The interaction between these two escaping rules seems
potentially
confusing. I *think* when this is all put together it means
that the
body must first be encoded according to the [HTML4] section
above. At
that point it will already be almost conformant to the 3261
syntax of a
token, except for the use of '&'. Then it needs to be
encoded again,
which will take care of the ampersands, but which will
re-encode the '%'
characters of the first encoding.
Exactly what, if anything, I would recommend changing
depends on whether
I understood what is expected. I guess I might just
recommend that you
clarify further. (Perhaps I'm just being dense. If so please
just tell
me so.)
Section 2.2:
The Application Server SHOULD insert its own URI in the
Record-Route
header so that it remains in the signaling path for
subsequent
signaling related to the session. This is of particular
importance
for call transfers so that upstream Application Servers
or proxy
servers see signaling originating from the Application
Server and not
the VoiceXML Media Server itself.
I don't understand the purpose of the above. The SHOULD
strength of this
requirement suggests to me an assumption of a particular
operating
environment. In the general case, why should this be more
than MAY strength?
Section 2.3:
IMO the use of a media-less session is an entirely valid sip
usage. The
only concern I might potentially have is if it were to catch
some UA
unaware, because some UAs just aren't prepared to handle
this case. But
the recommended usage here always puts the choice of doing
this in the
hands of *other* UA, not the media server. So I see no
problem.
I do find it disconcerting that the initial invite and
subsequent
reinvites are handled in different ways. For the initial one
you stall
the VXML awaiting a media stream, but on subsequent ones you
assume the
absence of a stream is equivalent to having a stream that
doesn't send
anything.
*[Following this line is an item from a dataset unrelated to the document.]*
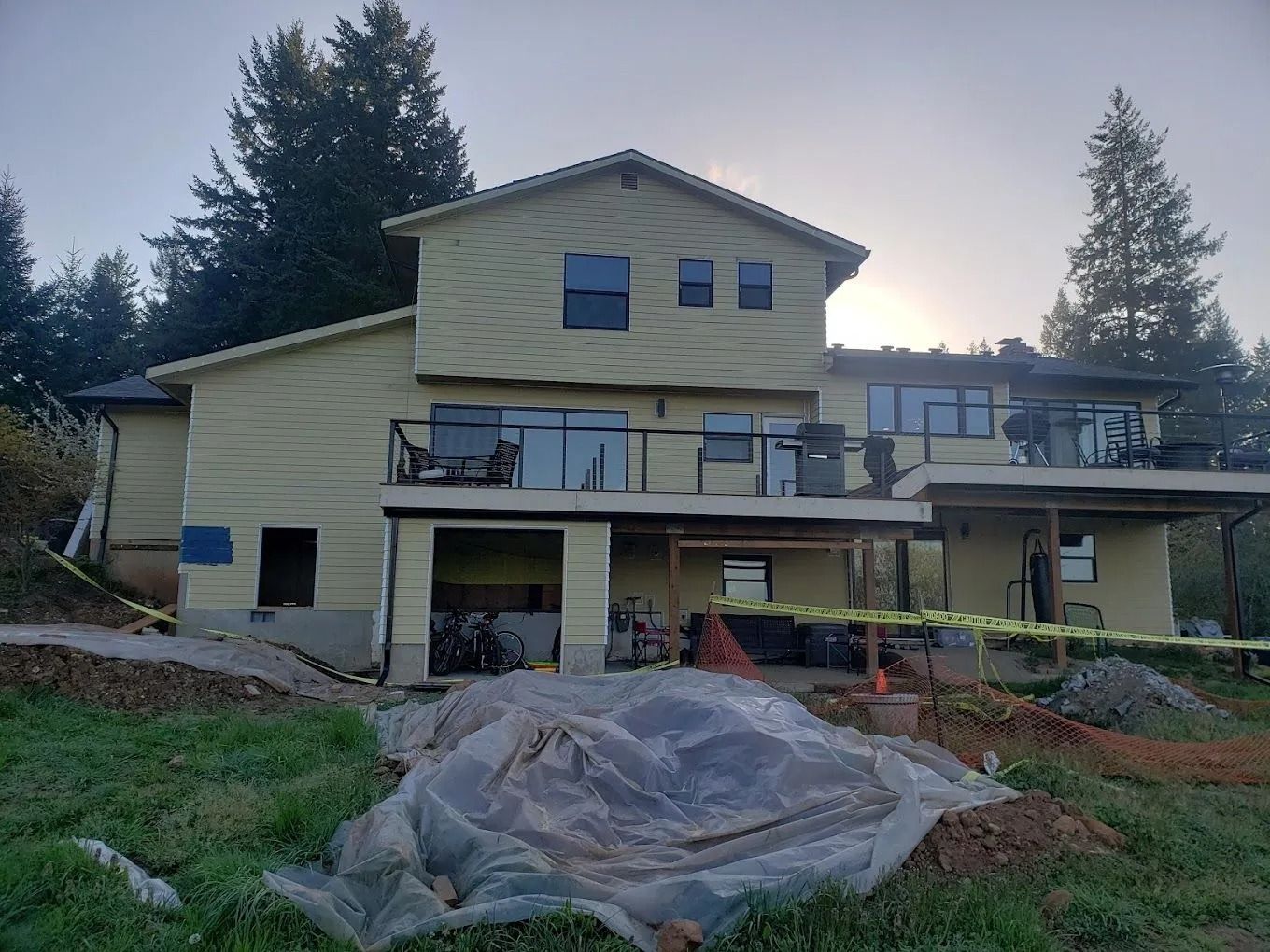 A multi-story house with yellow siding and a deck under construction, viewed from a yard with plastic ground sheeting.
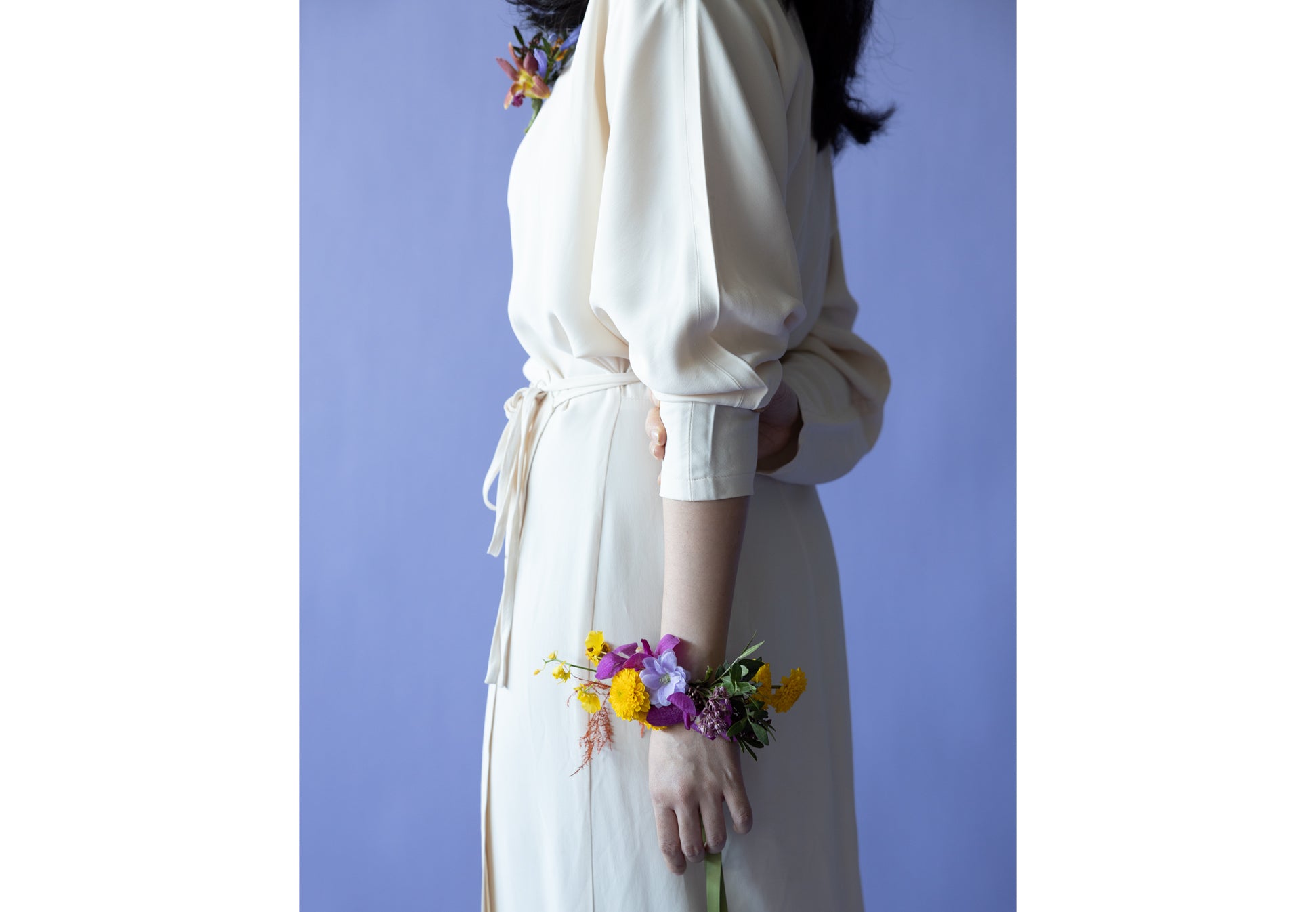 A Lady with Wrist Corsages in Hidcote Brights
Why isn't the behavior consistent in these cases?
If you need
to support both behaviors, then it might be better to
explicit and
unique signaling for each. For instance, you might define
that a media
stream with a=inactive or a=sendonly (from the client's
perspective -
client putting media server "on hold") could be
treated as the absence
of input but the absence of the stream means you should wait
for a
stream to be negotiated.
Section 2.4:
I don't feel qualified to comment on the validity of the
mappings of
History-Info. It might be good to get somebody else who
knows it well to
comment on that.
In addition, the array's toString() function returns
the full SIP
Request-URI. For example, assuming a Request-URI of
sip:dialog
example.com;voicexml=http://example.com;obj={&
quot;x":1,"y":true} then
I don't believe the above URI is valid. The ',' '{' and '}'
aren't
syntactically correct in a URI pvalue. You would need to
escape them.
Section 2.6.2:
IIUC, message (1) contains no offer, (5) contains an offer
with media,
and (6) accepts the call but rejects the media. If so, then
(9) will
most likely be invalid. To make it valid, the o-line from
(8) needs to
be replaced with one consistent to that used in (6), with
the version
number incremented. And if (5) has more m-lines than (8),
then (9) needs
to be padded with extra (rejected) m-lines.
Section 5.2:
On receipt of the REFER request, the VoiceXML Media
Server MUST issue
a provisional response, 100 Trying. The 202 Accepted
response
indicates that the VoiceXML document has been fetched
and parsed
correctly. The VoiceXML Media Server proceeds to place
the outbound
INVITE and will execute the application after the ACK is
sent.
The rules of RFC 4320 need to be followed here. REFER is a
non-invite
transaction and so the timing of the 100 must be as
specified in 4320.
In the call flow, the sending of the initial NOTIFY before
the 202 for
the REFER, and especially before determining if REFER is
going to
succeed or fail, is at best unusual and almost certainly
incorrect.
Sending the NOTIFY and then sending a failure response would
certainly
be incorrect.
I think you have two choices:
- wait until the get is complete before sending the NOTIFY,
and probably
send it after the 202.
- send a 202 for the REFER before doing the GET. Inform of a
GET failure
via a NOTIFY.
Section 6.3:
In the call flow I think you probably need another NOTIFY
between
messages (6) and (7). Its potentially too long until (13).